Not sure I understand, Poudre Rock Report seems the same to me. Just has not been updated so far yet this spring. Are you referencing a USGS gauge or something else?


----------



## NoCo (Jul 21, 2009)

It says there is a new gauge location when you look at the flows. The commentary is all from last year but the flow reports are current. On those reports it says there is a new gauge at Poudre park.


----------



## twmartin (Apr 3, 2007)

The rock report is still Falbo reading the rock on his way to work every morning. The flow report is off of a government website that records flows wherever it says. Not quite the same.


----------



## boof512 (Oct 26, 2003)

*The rock*

Anyone know what it's at on the rock?


----------



## NoCo (Jul 21, 2009)

im guessing Poudre park is refering to the town since its showing over 200cfs and usgs shows 86cfs in foco. 

here is the link to the flows page. It says Foco utilities right on the top, maybe thats whats confusing me to the location and who is running the site.

Flows

if this is actually the town of Poudre park then it should be the same as the rock at pineview.


----------



## jaffy (Feb 4, 2004)

That page is just embedding the flow info from other sites that maintain the actual gauges.

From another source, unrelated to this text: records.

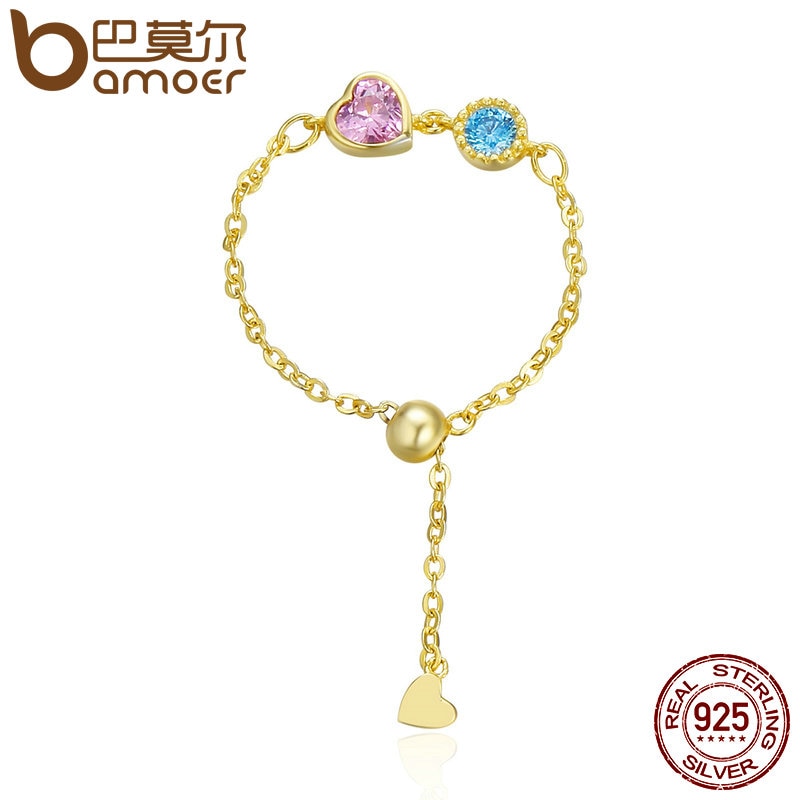 Genuine 925 Sterling Silver & Gold Color Heart Crystal Chain Rope Finger Rings Women Authentic Silver Jewelry Anel SCR090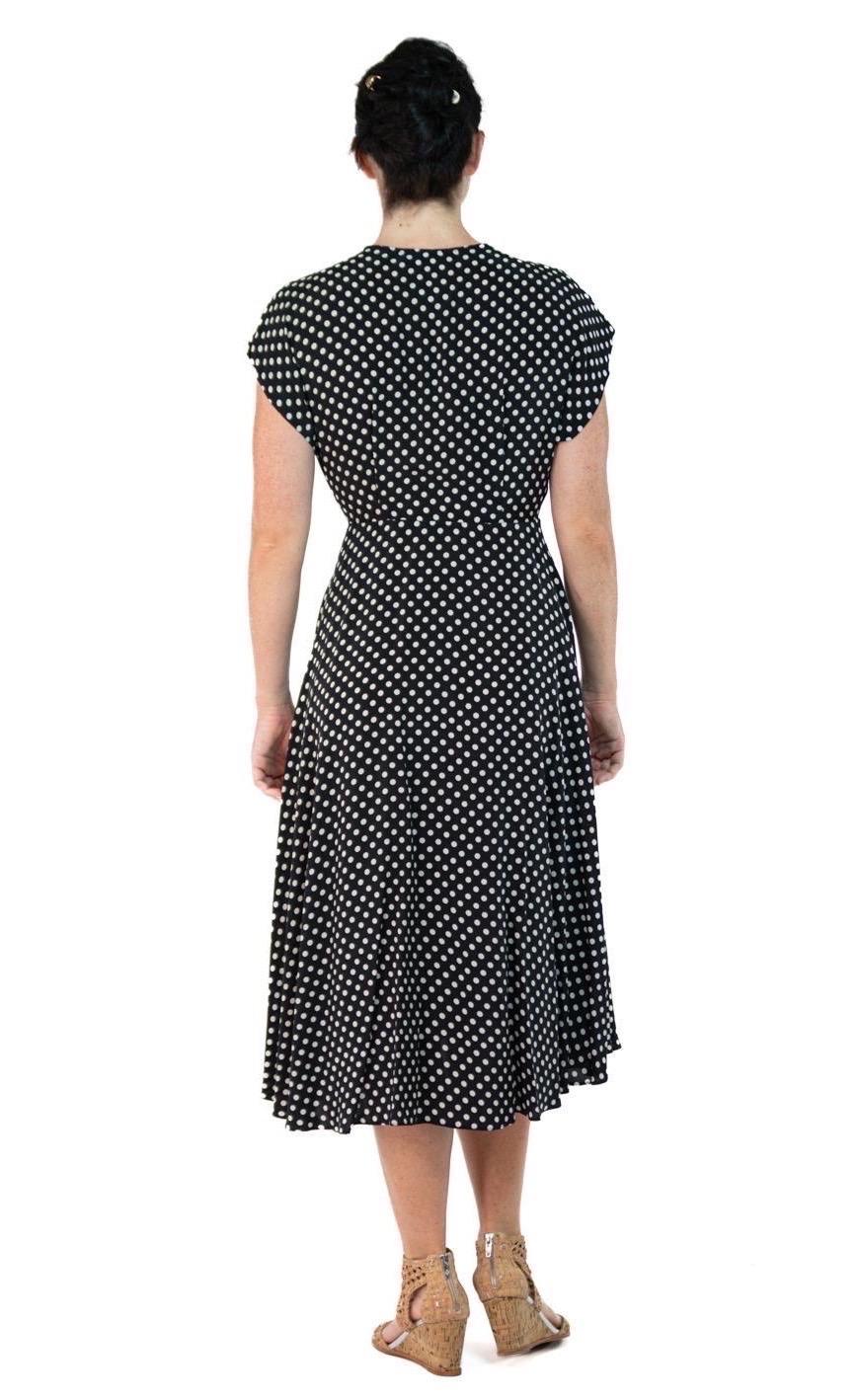 Morphew Collection Black & White Polka Dot Cold Rayon Bias Dress Master Medium For Sale 1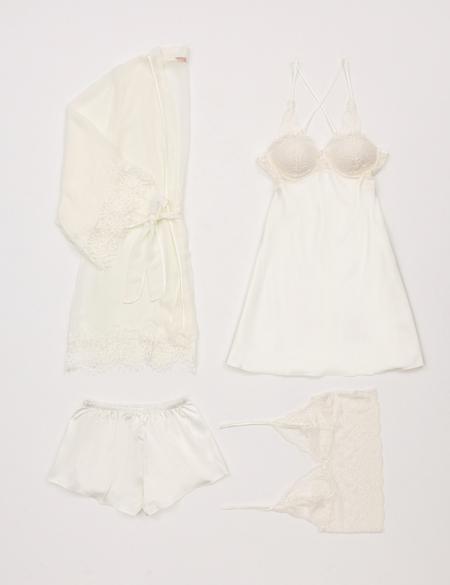 Ekru Saten 4'lü Çeyiz Seti - 50303821020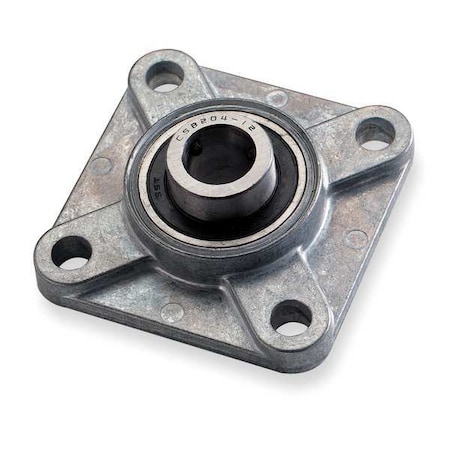 4 Holes, Square Housing, 4 Bolt Flange Bearing, Radial Ball, 3/4 in Dia, Zinc Die Cast, Set Screw MPN:1F548
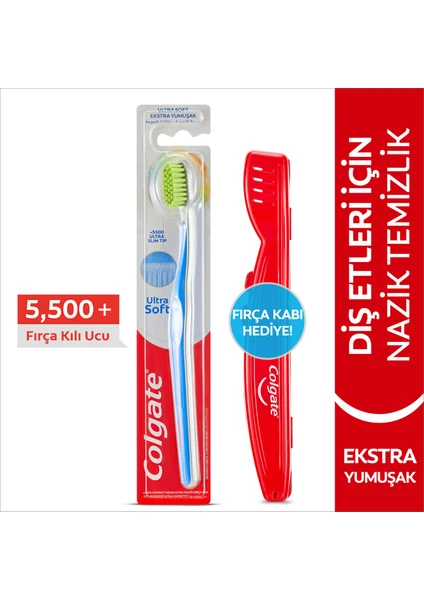 Ultra Soft Diş Etleri için Nazik Temizlik Yumuşak Diş Fırçası + Fırça Kabı Hediye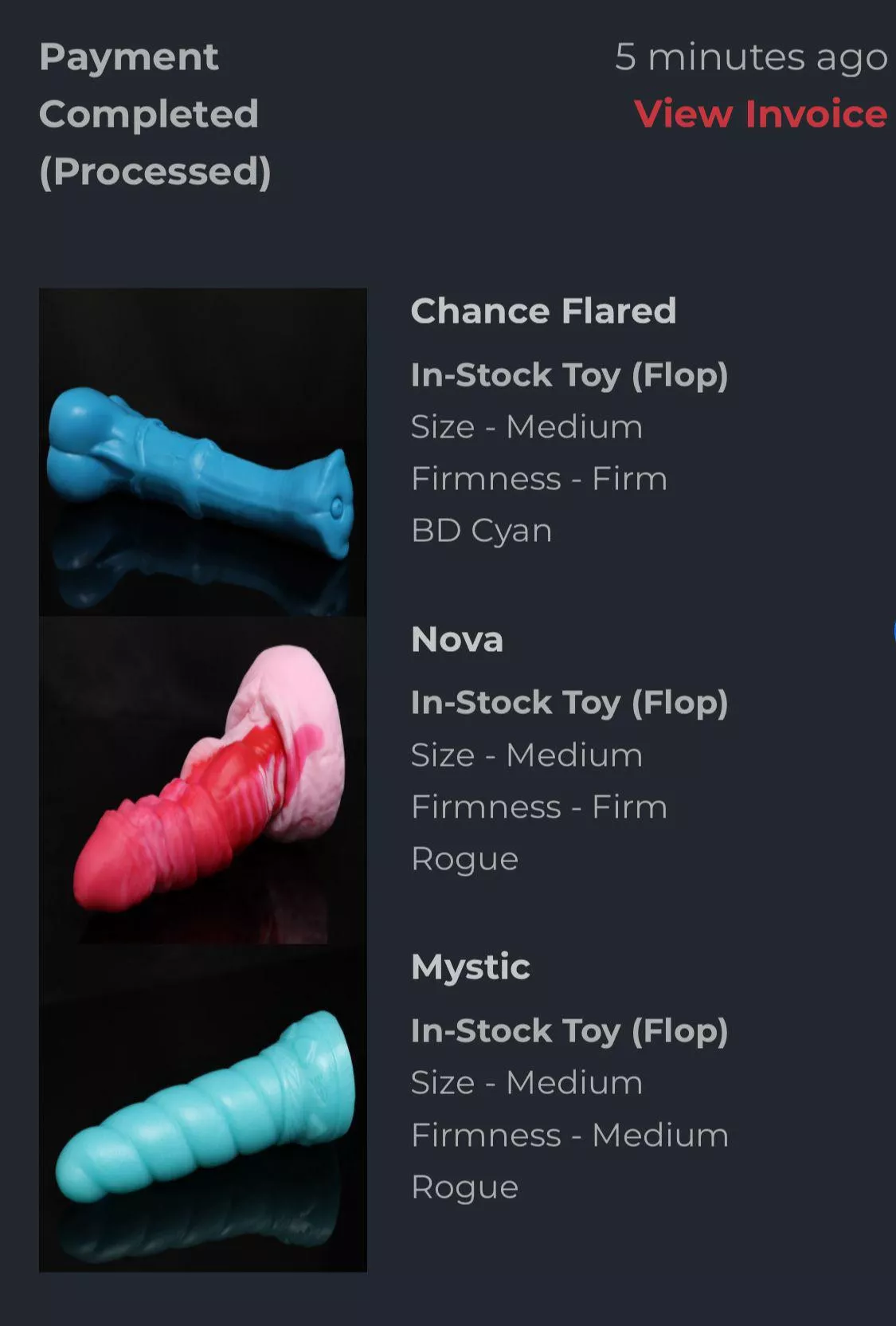 I just hope Nova isn’t waaay to firm for my Liking! 3 Of my Dream Toys i just snatched! I honestly don’t care about flops! Do you like Flared chance? I just hope Nova isn’t waaay to firm for my Liking! 3 Of my Dream Toys i just snatched! I honestly don’t care about flops! Do you like Flared chance?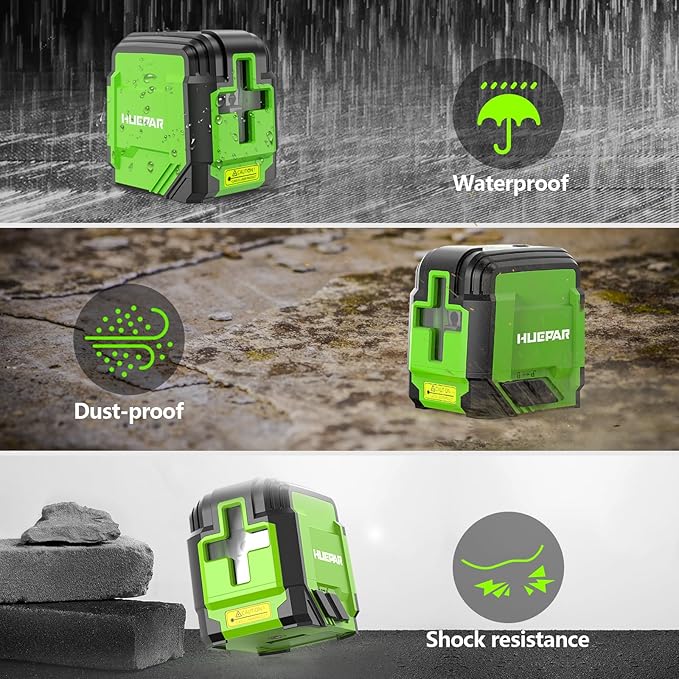 Laser Level, HUEPAR 98Ft Self Leveling Laser Level Green Line Laser Cross Line Laser Leveler Tool for Picture Hanging, Tile, Home Renovation, Indoor Project, Battery&Carrying Bag Includ with L-Bracket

The one you're talking about is a gauge the City of Fort Collins put in to monitor for floods. IIRC, they installed it in 2014, so it's not really "new" anymore.

Here's the map of all the City of Fort Collins gauges. The one that's embedded on the rock report is the one at Hewlett's Gulch. If you click on the green dot, and then click on the "Stream graphs" link, it shows you the data for that gauge.

https://gisweb.fcgov.com/Html5Viewer/Index.html?viewer=flood warning&gage=stream


----------



## NoCo (Jul 21, 2009)

thanks Jaffy.


----------



## beeco19 (Apr 23, 2019)

So does how does the Hewlett's Gauge convert to the Rock reading?


----------



## johng (Apr 25, 2005)

beeco19 said:


> So does how does the Hewlett's Gauge convert to the Rock reading?


I put together data in 2017, with few points < 500 cfs. Of the equations I tried, the best fit was:

PV gauge = (10.64 * HewCFS)/(2689 + HewCFS)

There's more scatter than there should be ~ 1,000-1,500 cfs, so perhaps I should update this. Nonetheless, it's a pretty reasonable fit up to about 3,000 cfs (r2 = 0.96 ). 

j


----------